The Royal Horticultural Society (RHS) reports that this year’s weather has provided the optimum growing conditions* for summer flowering. The warm, wet winter followed by the sunniest May on record and then a bout of rain in June has produced an exceptional crop of summer blooms.
Stronger, bigger buds and more prolific flowering has created abundant displays of early blooms such as lilies, rhododendrons, irises, roses and hydrangeas, and mid-summer flowers such as verbena, rudbeckia, heleniums and geraniums are now coming into their own.
The apex of this floral extravaganza may happen this weekend and at the four RHS Gardens the show has already begun but the seasonal overlap could pass by quickly as early summer flowers are likely to start going over next week.
At RHS Garden Rosemoor, in Devon, Curator Jon Webster says, “Fiery displays of reds, oranges, yellows and purples on plants like red hot pokers, rudbeckia, dahlias and goldenrod are springing to life in the Hot Garden while whites, blues, pinks and silver foliage bring an oasis of calmness in the Cool Garden.” The largest rose gardens in the South West are also still brimming with colour and scent from over 2,000 roses.

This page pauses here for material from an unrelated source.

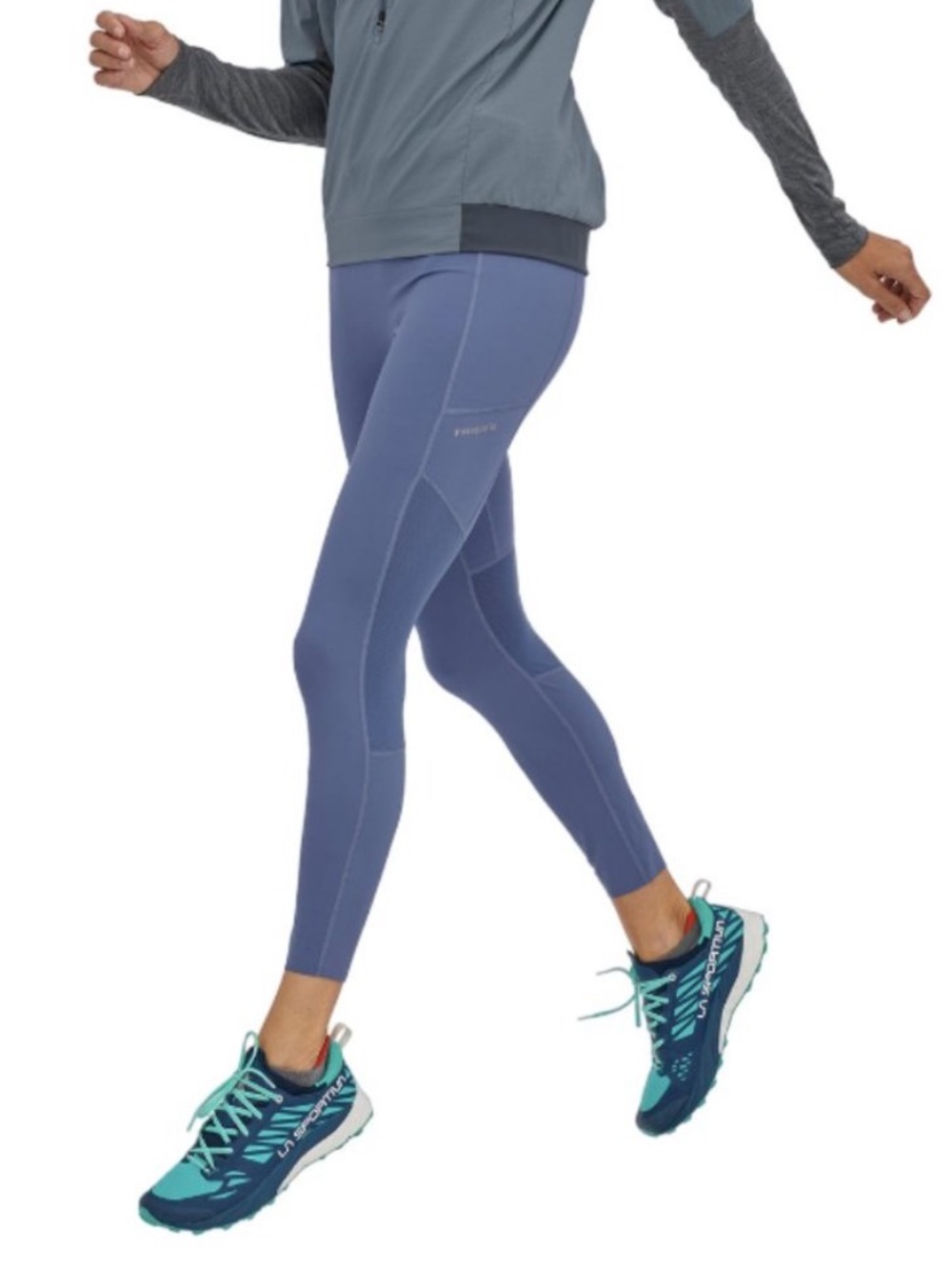 Patagonia Endless Run 7/8
Tights Legging in Current Blue XL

RHS Partner Gardens are reporting colourful spreads including The Bishop’s Palace Gardens in Somerset which is also awash with daylilies including ‘Chicago Sunrise’, and pretty blue salvias – and their multi-coloured Bishop series dahlia collection is the best it’s ever been with Garden Manager James Cross saying: “Everything has come together to produce the best summer colour I have ever seen.”

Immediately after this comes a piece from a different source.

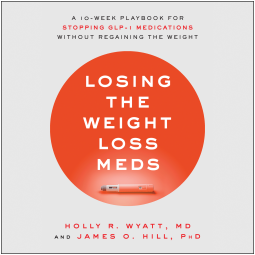 book cover for Losing the Weight Loss Meds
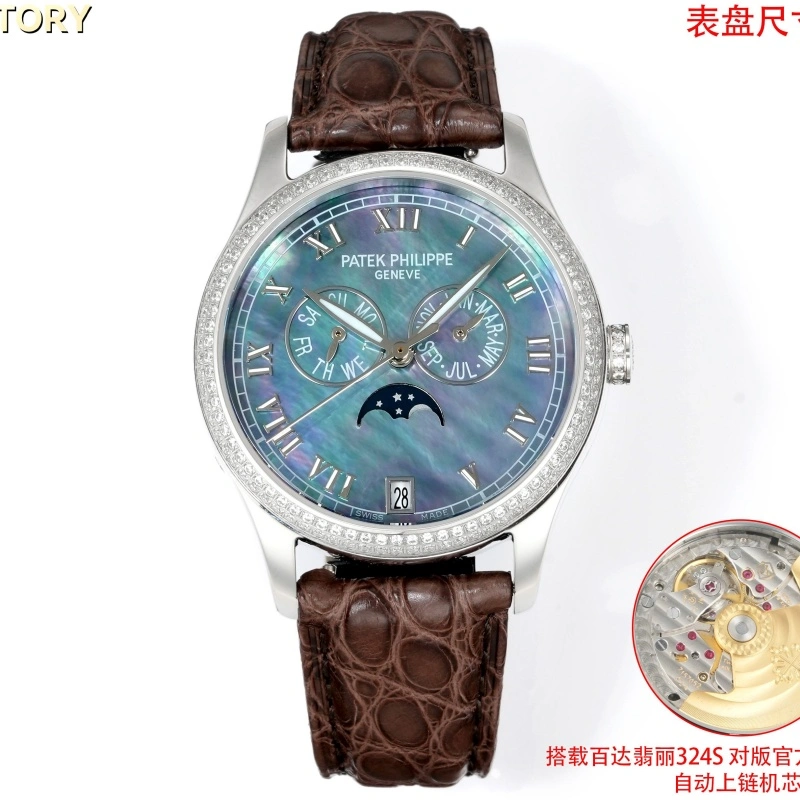 VV Factory Patek Philippe 4948G-001 1:1 Best Edition Replica Watch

Guy Barter, RHS Chief Horticulturalist, says: “Our work is done in the garden so happily all that’s left to do is enjoy the summer flowers. The unique blast of brilliant colour that’s about to hit will bring even greater enjoyment than normal but you’ll need to be quick to catch its full glory.”
All visitors to the gardens (RHS members and non-members) need to book online so that social distancing can be controlled and in accordance with Government guidelines for ‘track and trace’. Although there may be availability on arrival, the advice is to pre-book to avoid disappointment as some sessions get completely filled.
PHOTO: Dead-heading at Rosemoor to prolong flowering.